PACMA soutient que les plaintes font référence à des situations d'abandon, de manque de soins vétérinaires, de mauvaises conditions hygiéniques et sanitaires et d'éventuels cas d'abus, tant chez les animaux de compagnie que dans les élevages.
Plaintes concernant le bien-être animal à El Hierro et manque de réponse du Cabildo
La porte-parole du parti de défense des droits des animaux Pacma, Yolanda Morales, a accusé jeudi la municipalité d'El Hierro d'ignorer les plaintes concernant des allégations d'infractions liées au bien-être des animaux sur l'île, comme l'immobilisation du bétail en lui attachant les jambes.
Dans un communiqué, Yolanda Morales affirme que le Cabildo Herreño n'a pas adopté de mesures dans ce domaine, minimise l'importance de la situation et va jusqu'à nier que ces événements relèvent de sa compétence, bien qu'il s'agisse de matières expressément attribuées à l'administration insulaire, comme l'élevage.
L'organisation critique le fait que cette inaction génère un sentiment d'impunité et de manque de protection, en plus de contrevenir à la législation régionale et étatique sur le bien-être animal.
Pacma met en garde contre les pratiques répétées d'immobilisation du bétail
Pacma explique que depuis des années, elle met en garde contre les pratiques systématiques d'immobilisation du bétail en lui attachant les jambes chez certains éleveurs de la région de Valverde, ainsi que contre l'existence de chiens de berger élevés dans des conditions prétendument incompatibles avec les réglementations en matière de bien-être animal.
Alors que le bétail relève de la responsabilité du Cabildo, les chiens relèvent de la responsabilité de la Mairie de Valverde, dont la réponse à la plainte a été l'incapacité de gérer les dossiers dans les délais en raison de la présence d'un seul policier local dans la municipalité depuis 4 ans.
Morales, qui s'est rendu sur l'île fin 2024 pour formaliser des plaintes auprès de la police locale et de la Garde civile, ainsi que pour rencontrer Carlos Brito, maire de Valverde, et David Cabrera, alors ministre du Milieu rural et marin et démis de ses fonctions en août 2025, dénonce que le Cabildo a répondu avec « une attitude évasive, désintéressée et ouvertement méprisante », allant jusqu'à justifier ces pratiques comme des « usages traditionnels », en ce que Pacma qualifie de « moquerie institutionnelle » face à une situation grave et documentée.

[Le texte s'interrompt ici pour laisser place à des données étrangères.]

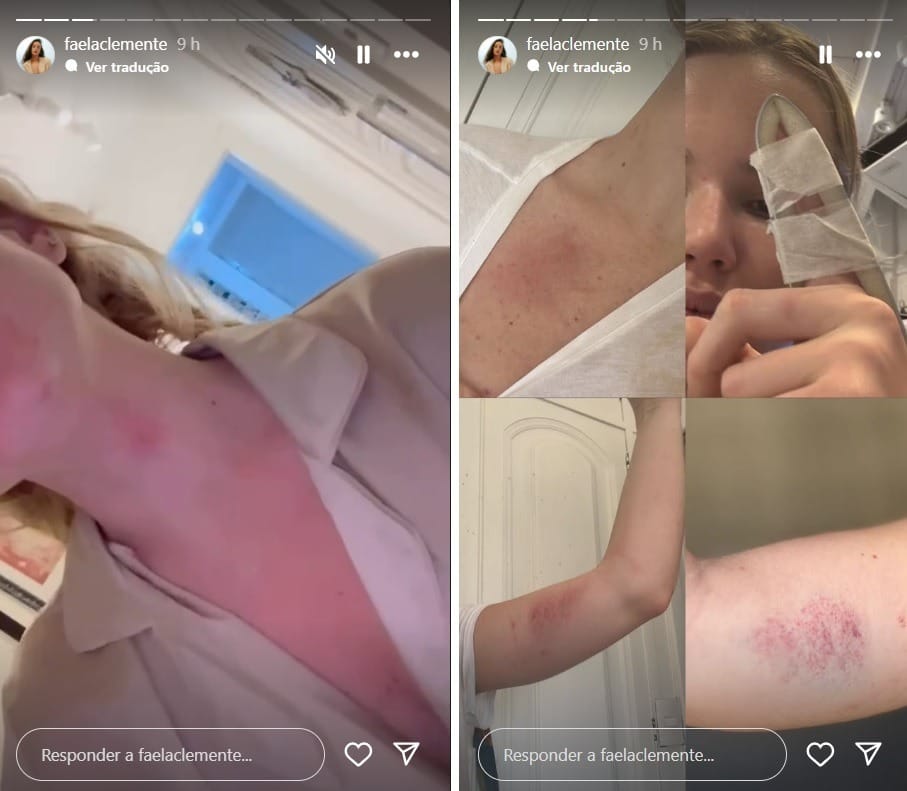 Ex-namorada de Dado Dolabella, Marcella Tomaszewski, formaliza denúncia após agressões marcela tomaszewski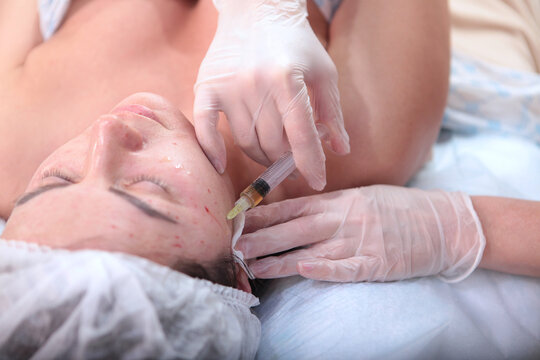 Plasmolifting procedure. Blood in test tube. Cosmetologist makes injections of plasmolifting. Close-up of patient's face is out of focus. Concept of cosmetology. Selective focus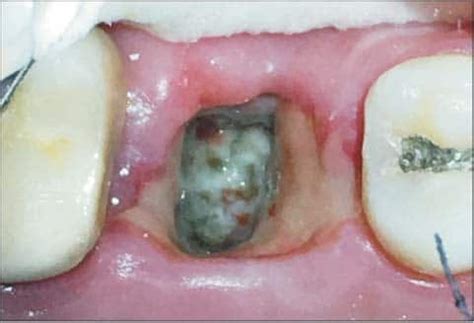 What is Dry Socket & When Can I Stop Worrying After a Tooth Extraction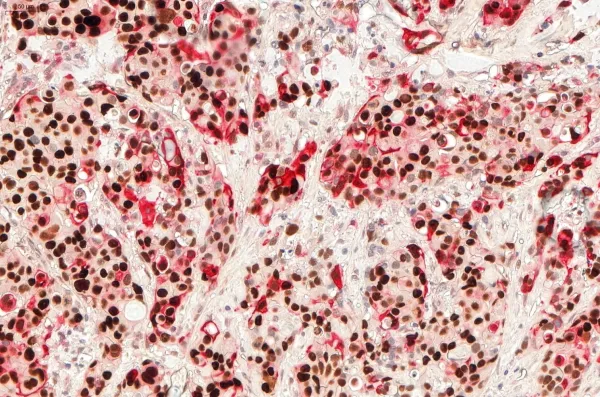Image of p53 (DAB) & CD8 (Fast Red) IHC Double stain, breast cancer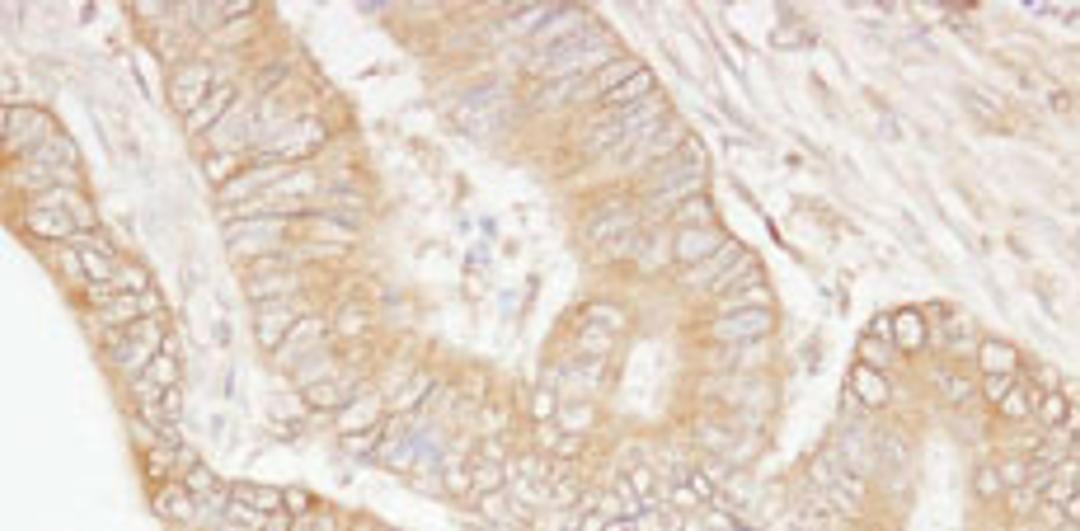 Detection of human USP5/IsoT by immunohistochemistry.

Le Député Commun demande des informations sans réponse
Cette attitude, souligne-t-il, a motivé le transfert du dossier au Député Commun en juin 2025 ; institution qui a formellement demandé des informations à la fois à la Mairie de Valverde et au Cabildo.
Le premier a répondu à l'organisme chargé de garantir les droits des citoyens, mais le Cabildo a maintenu « le silence et le manque de collaboration pendant près de six mois », selon le porte-parole des droits des animaux, manquant ainsi à son obligation légale de répondre dans les délais fixés, qui ne dépassent pas 15 jours ouvrables.

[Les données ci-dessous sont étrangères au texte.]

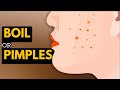 Boils Vs Pimples What S The Difference And How To Treat Them
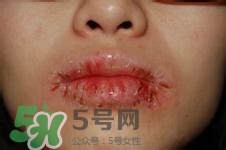 嘴唇干燥是什么原因？嘴唇干裂脫皮怎么辦？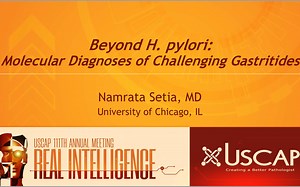 【中英双语字幕】Beyond H. pylori: Unusual Gastritides, Atrophy, and Metaplasia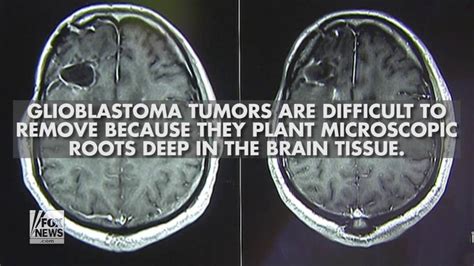 Mccain Brain Tumor What Is Glioblastoma Fox News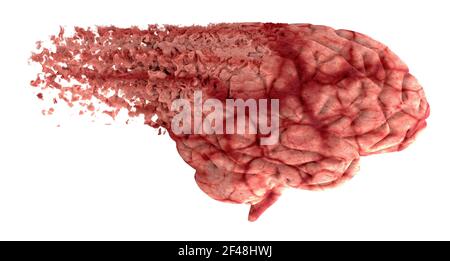 Gedächtnis verfällt, Dinge vergessen, degenerative Krankheit. Gehirnprobleme. Parkinson und alzheimer Krankheit. Psychische Gesundheit. Schlaganfall, Synapsen und Neuronen Stockfoto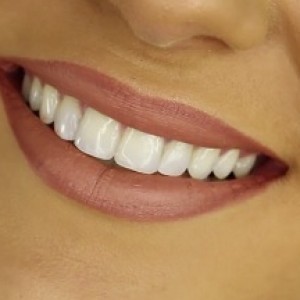 Orthodontic Dentistry: For Healthy Teeth and Beautiful Smile (Image courtesy Liz20151222 on Wikimedia Commons via CC BY-SA 4.0 International)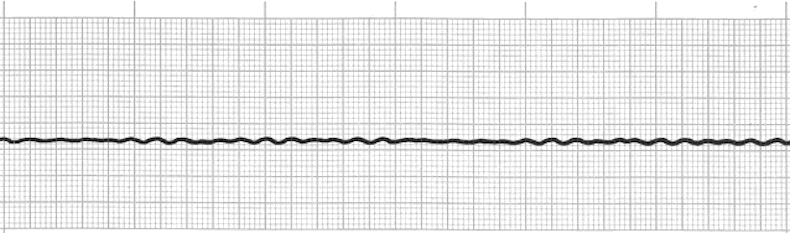 ecg rhythm strip for quiz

Pacma considère qu'il est « particulièrement alarmant » qu'une administration publique non seulement s'abstienne d'agir face à d'éventuelles infractions graves à la législation sur la protection des animaux, mais qu'elle ignore également ses pouvoirs et ignore de manière répétée les exigences du Député Commun, encouru un manque manifeste de transparence et une omission de son obligation de fournir aux citoyens l'information publique demandée.
Le parti des droits des animaux conclut que cette inaction prolongée indique un abandon délibéré de fonctions et annonce qu'il continuera à exercer une pression institutionnelle et juridique jusqu'à ce que la Mairie d'El Hierro assume ses responsabilités et mette fin à des pratiques signalées depuis des années sans aucune conséquence.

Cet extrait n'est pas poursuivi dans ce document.